▶ [REQUIREMENT]: The listing below begins with the first line you should copy; stop after the line containing "lot 169 image: Vintage Pocketknives", and drop every picture.

▶ [GIVEN DATA]:

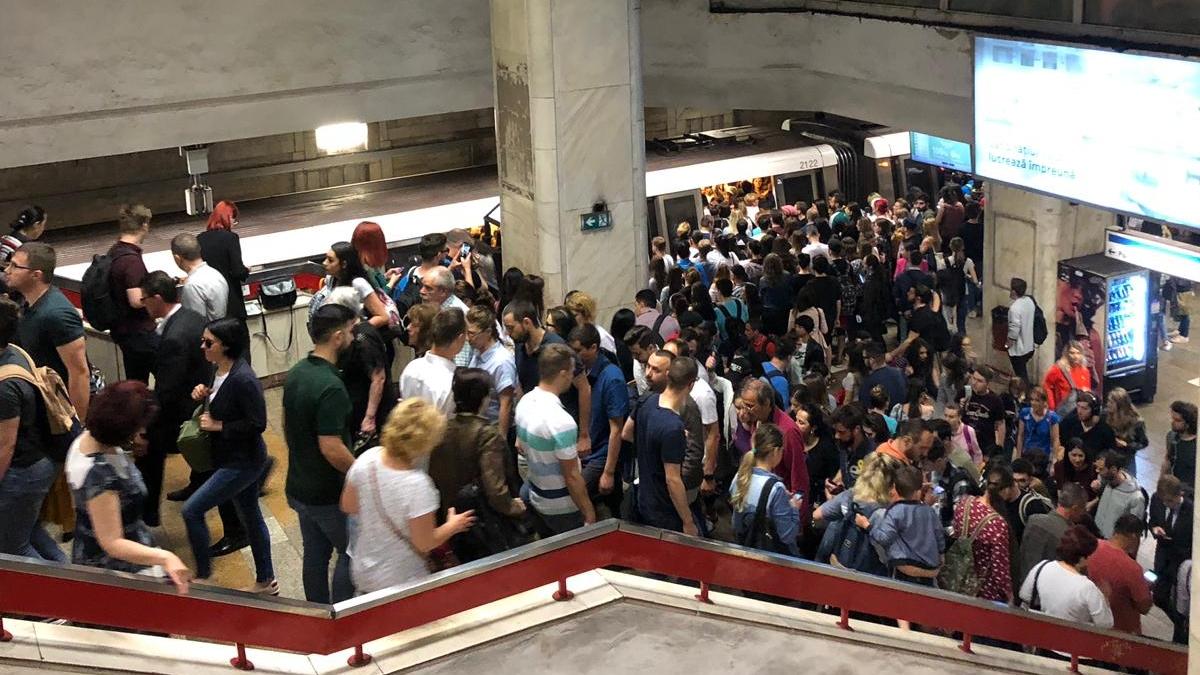 Aglomerație mare la metrou marți dimineața. Sute de oameni au rămas blocați la Piața Unirii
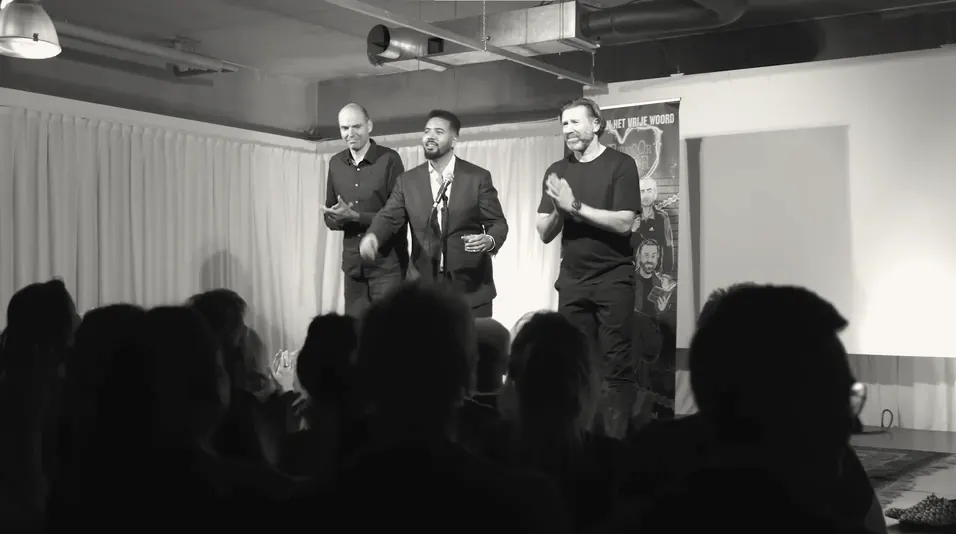 Comedians van Hart voor Humor op het podium.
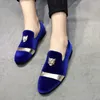 New Fashion Gold Top e Metal Toe Men Men Velvet Dress Shoes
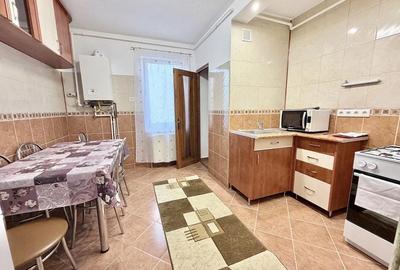 Apartament cu 3 camere decomandat în Tudor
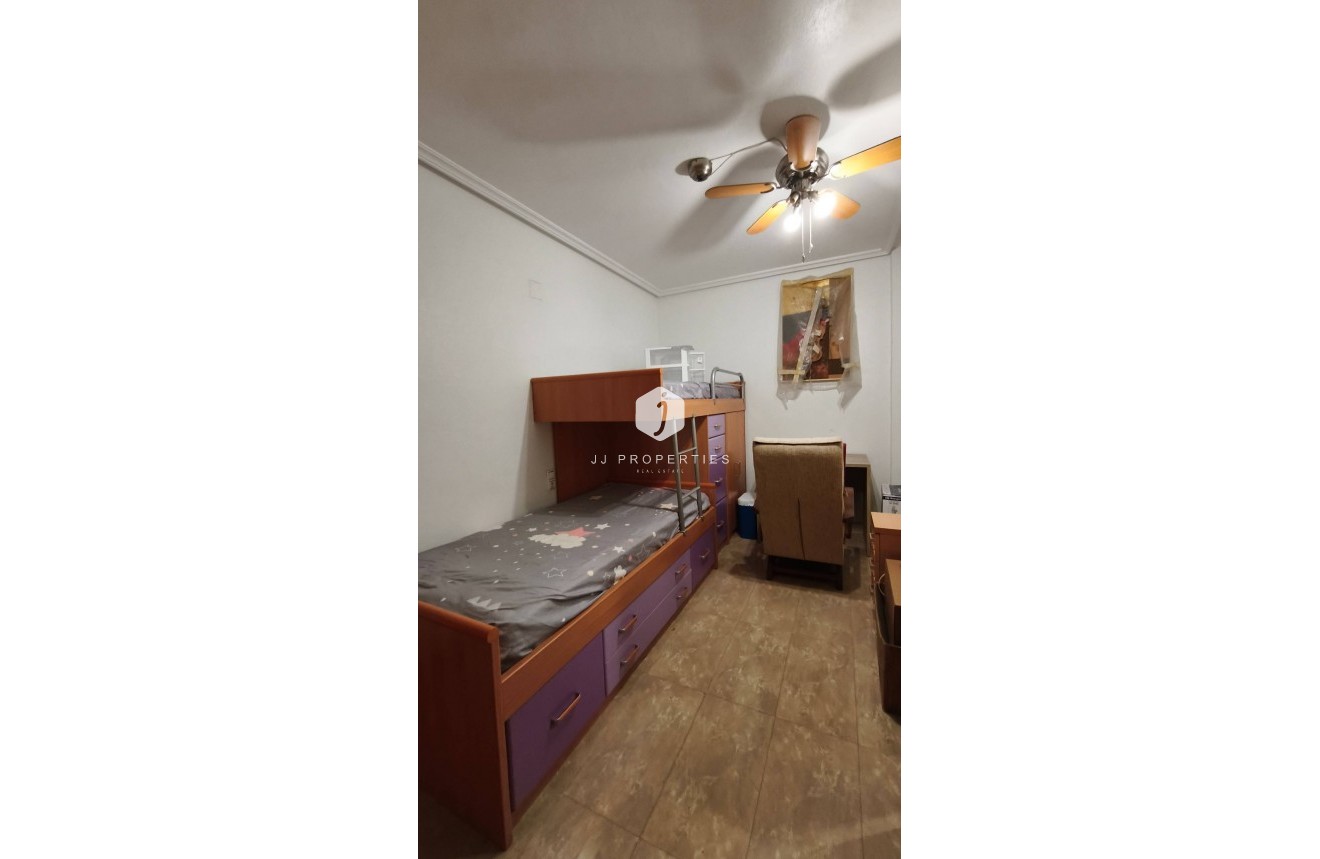 Aus zweiter Hand - Wohnung -
Torrevieja - Estacion de autobuses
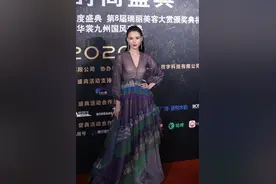 “最经典小龙女”李若彤颜值真保鲜，紫色柔纱裙太明媚，气质绝了图片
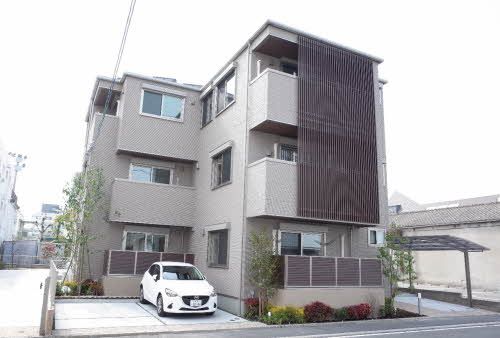 建物外観　積水ハウスの３階建て重量鉄骨「ベレオＣ３プラス」！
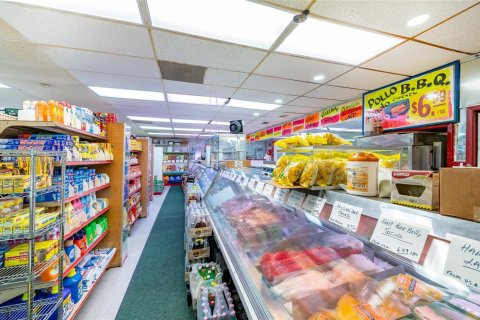 Commercial property in Miami, Florida № 1960479 - photo 25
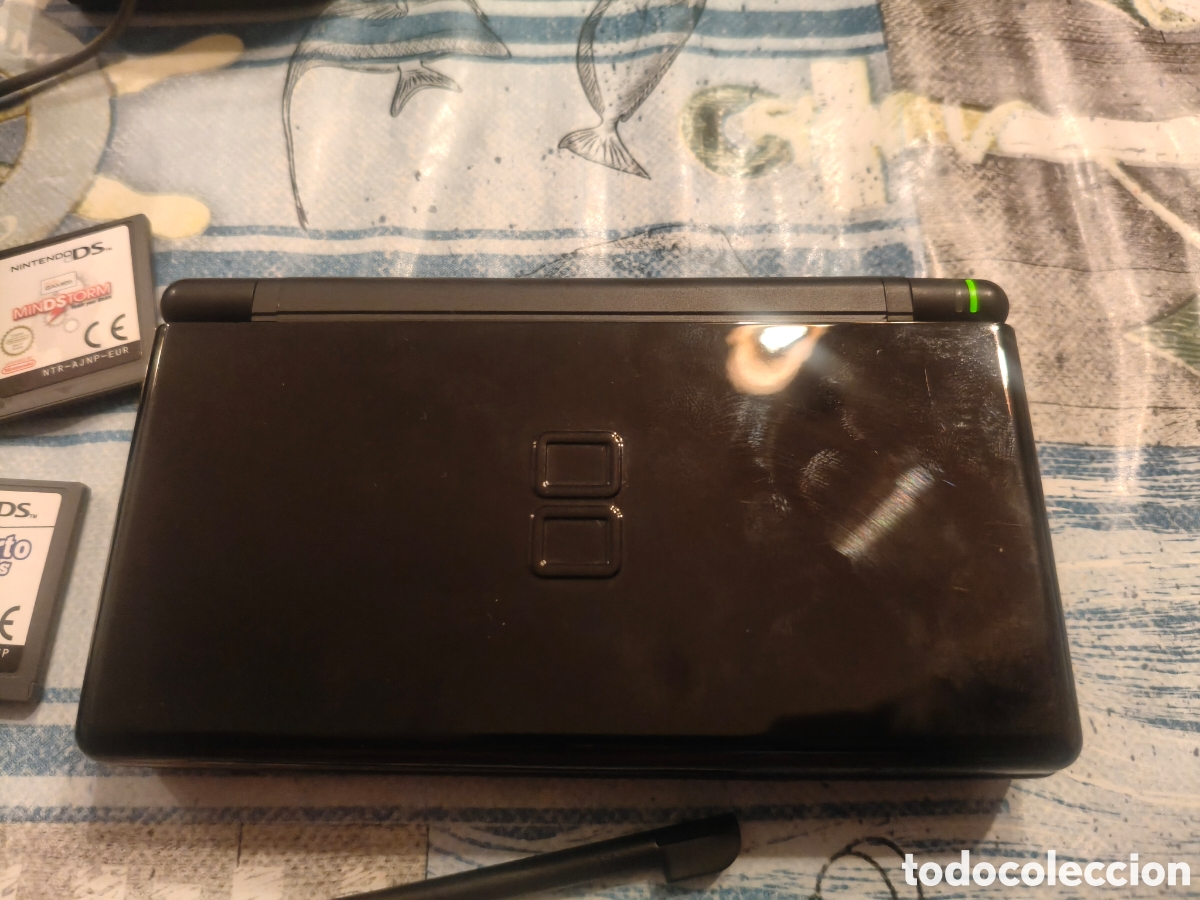 Videojuegos y consolas: Consola Nintendo DS lite negra - Foto 3
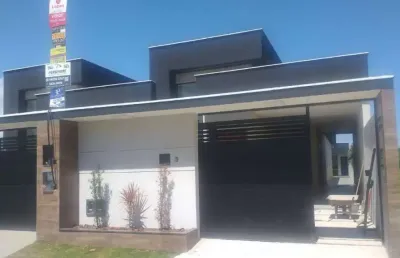 Casa com 3 quartos à venda na rua elzira dias gomes, jardim atlântico leste (itaipuaçu), maricá, 240 m2 por r$ 680.000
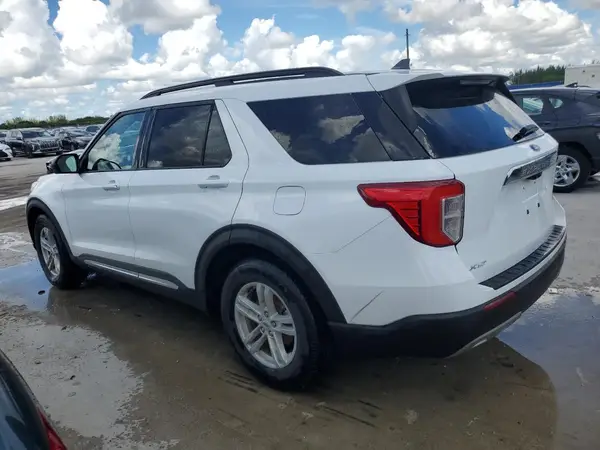 1FMSK7DH4RGA28864 2024 FORD EXPLORER - Image 2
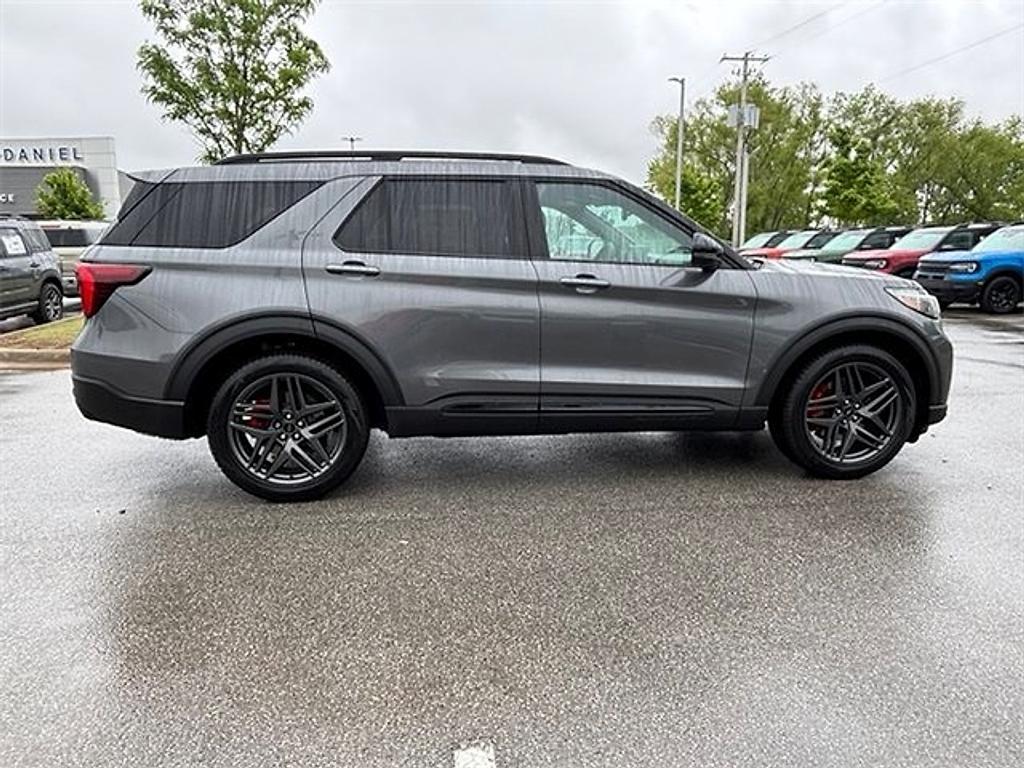new 2025 Ford Explorer car, priced at $53,840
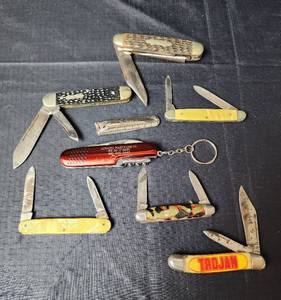 lot 169 image: Vintage Pocketknives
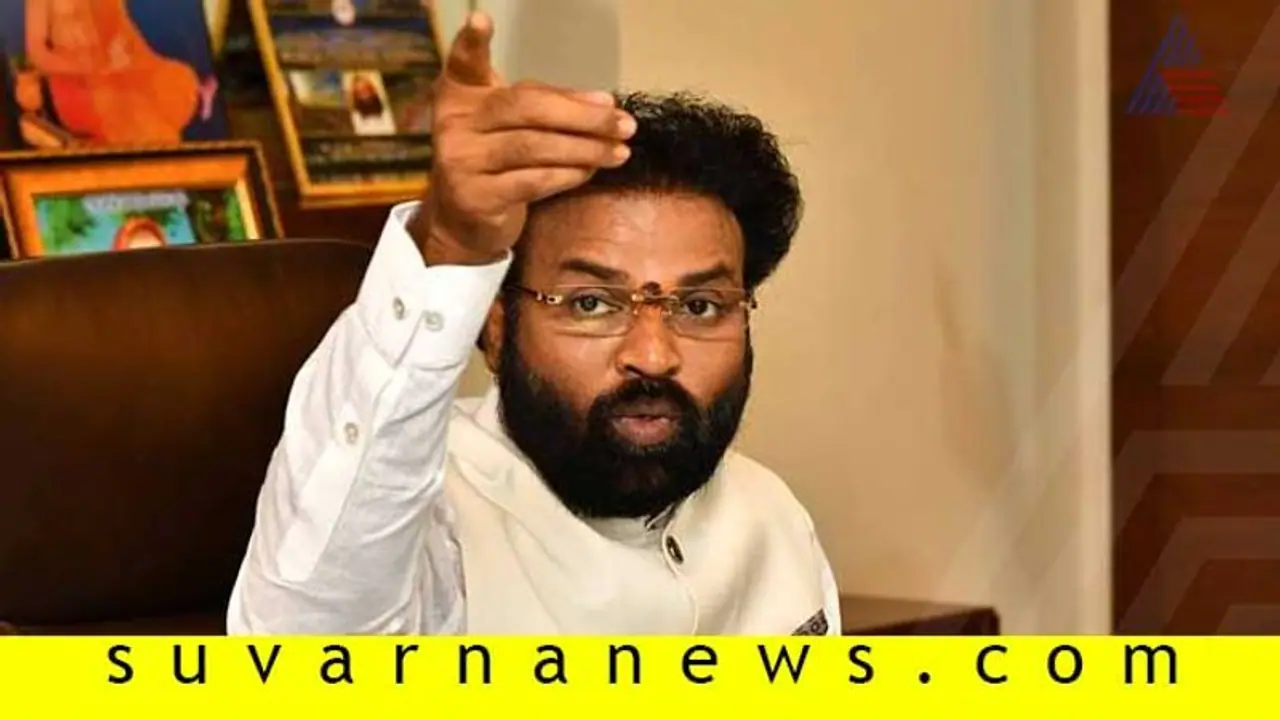 ಆರೋಗ್ಯ ಸಚಿವರ ತವರಲ್ಲೇ ಅವ್ಯವಸ್ಥೆ : ಬಡರೋಗಿಗಳ ಪರದಾಟ ಆರೋಗ್ಯ ಸಚಿವರ ತವರಲ್ಲೇ ಅವ್ಯವಸ್ಥೆ : ಬಡರೋಗಿಗಳ ಪರದಾಟ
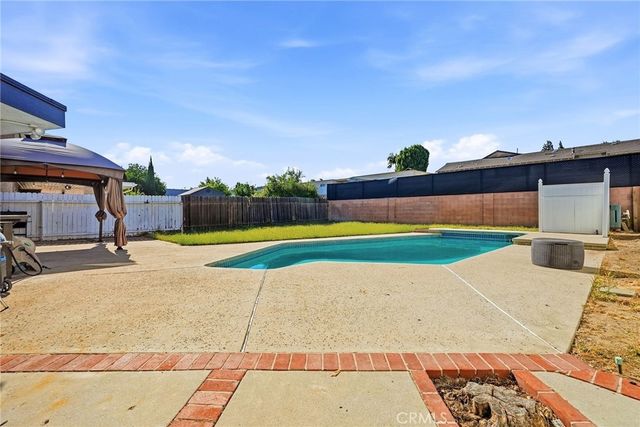 19927 Cantara, Winnetka, CA 91306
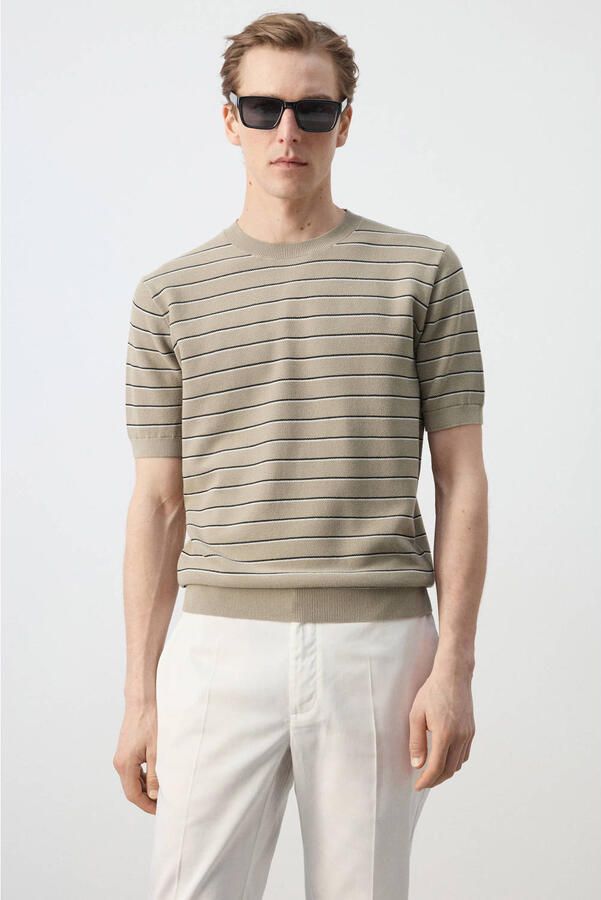Mango Man regular gestreept T-shirt gebreid beige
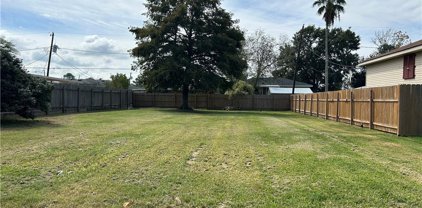 323 W Loyola  Drive, Kenner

▶ [TASK RESULT]:
 Aglomerație mare la metrou marți dimineața. Sute de oameni au rămas blocați la Piața Unirii
 Comedians van Hart voor Humor op het podium.
 New Fashion Gold Top e Metal Toe Men Men Velvet Dress Shoes
 Apartament cu 3 camere decomandat în Tudor
 Aus zweiter Hand - Wohnung -
Torrevieja - Estacion de autobuses
 “最经典小龙女”李若彤颜值真保鲜，紫色柔纱裙太明媚，气质绝了图片
 建物外観　積水ハウスの３階建て重量鉄骨「ベレオＣ３プラス」！
 Commercial property in Miami, Florida № 1960479 - photo 25
 Videojuegos y consolas: Consola Nintendo DS lite negra - Foto 3
 Casa com 3 quartos à venda na rua elzira dias gomes, jardim atlântico leste (itaipuaçu), maricá, 240 m2 por r$ 680.000
 1FMSK7DH4RGA28864 2024 FORD EXPLORER - Image 2
new 2025 Ford Explorer car, priced at $53,840
 lot 169 image: Vintage Pocketknives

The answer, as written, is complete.